Sam Altman, CEO OpenAI

Availability and rollout

The rollout begins today for ChatGPT’s 700M weekly active users, with tier‑based limits. Pro subscribers get unlimited GPT‑5 and GPT‑5 Pro; Plus users receive higher caps than free. Where available, GPT‑5 Pro replaces o3‑pro. Simulated reasoning is automatically applied when beneficial; paid users can select "GPT‑5 Thinking" or prompt with "think hard about this". Standard Voice Mode will sunset within 30 days in favor of Advanced Voice. After free‑tier limits, usage falls back to GPT‑5 mini.

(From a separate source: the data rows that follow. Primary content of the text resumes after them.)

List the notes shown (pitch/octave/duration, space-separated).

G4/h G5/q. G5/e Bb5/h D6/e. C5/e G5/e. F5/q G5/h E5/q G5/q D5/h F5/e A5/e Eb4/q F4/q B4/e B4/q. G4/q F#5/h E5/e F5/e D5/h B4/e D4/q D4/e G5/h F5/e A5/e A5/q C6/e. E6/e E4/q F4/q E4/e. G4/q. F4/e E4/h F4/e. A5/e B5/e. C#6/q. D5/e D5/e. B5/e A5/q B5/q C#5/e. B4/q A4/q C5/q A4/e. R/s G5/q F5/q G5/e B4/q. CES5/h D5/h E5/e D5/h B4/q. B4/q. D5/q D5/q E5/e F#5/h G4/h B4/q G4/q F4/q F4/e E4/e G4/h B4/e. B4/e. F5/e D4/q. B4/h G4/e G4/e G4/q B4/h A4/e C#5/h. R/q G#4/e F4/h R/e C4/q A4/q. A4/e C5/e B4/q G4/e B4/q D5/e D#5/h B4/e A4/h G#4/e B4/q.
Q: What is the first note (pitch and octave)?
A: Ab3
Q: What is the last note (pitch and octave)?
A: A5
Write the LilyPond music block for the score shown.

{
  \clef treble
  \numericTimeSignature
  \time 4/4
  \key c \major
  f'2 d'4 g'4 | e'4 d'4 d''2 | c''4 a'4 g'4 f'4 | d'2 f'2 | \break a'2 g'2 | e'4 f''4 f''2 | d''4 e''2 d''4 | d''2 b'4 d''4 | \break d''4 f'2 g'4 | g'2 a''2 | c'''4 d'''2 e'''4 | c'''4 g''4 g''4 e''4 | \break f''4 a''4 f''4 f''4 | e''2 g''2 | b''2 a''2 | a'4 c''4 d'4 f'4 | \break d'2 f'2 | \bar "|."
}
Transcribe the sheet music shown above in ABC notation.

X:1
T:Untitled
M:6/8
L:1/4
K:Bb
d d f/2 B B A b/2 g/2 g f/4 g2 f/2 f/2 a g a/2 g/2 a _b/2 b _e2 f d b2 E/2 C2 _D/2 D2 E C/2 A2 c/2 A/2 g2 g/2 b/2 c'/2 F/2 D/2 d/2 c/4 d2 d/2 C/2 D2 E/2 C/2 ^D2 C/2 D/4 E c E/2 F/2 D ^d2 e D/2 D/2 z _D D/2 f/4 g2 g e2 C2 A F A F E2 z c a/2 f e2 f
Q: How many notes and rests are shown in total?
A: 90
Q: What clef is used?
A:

APIs, pricing, and developer features

  • API SKUs: gpt‑5, gpt‑5‑mini, gpt‑5‑nano, trading off latency and cost.
  • Context window: 256,000 tokens (up to 1M tokens with GPT‑4.1).
  • Indicative pricing: $1.25/M input (‑90% with cache) and $10/M output for GPT‑5; $0.25/M input and $2/M output for Mini; $0.05/M input and $0.40/M output for Nano. GPT‑5 Pro API pricing is TBD.
  • New tools: free‑form function calling (send raw strings like SQL to tools), verbosity controls, and reasoning effort controls for speed vs. depth.

Competitive context and default model

The launch lands amid pressure from Gemini, Claude, and Llama. GPT‑5 replaces GPT‑4o, OpenAI o3, o4‑mini, GPT‑4.1, and GPT‑4.5 as the default model for signed‑in users, aiming to unify capabilities and cut errors with a dynamic routing layer.

Why it matters

The leap from GPT‑4 to GPT‑5 is less dramatic than the GPT‑3 to GPT‑4 jump, partly due to intermediate releases. Still, there are clear gains in coding, accuracy, and safer handling of sensitive queries. Critical reading and fact‑checking remain best practice.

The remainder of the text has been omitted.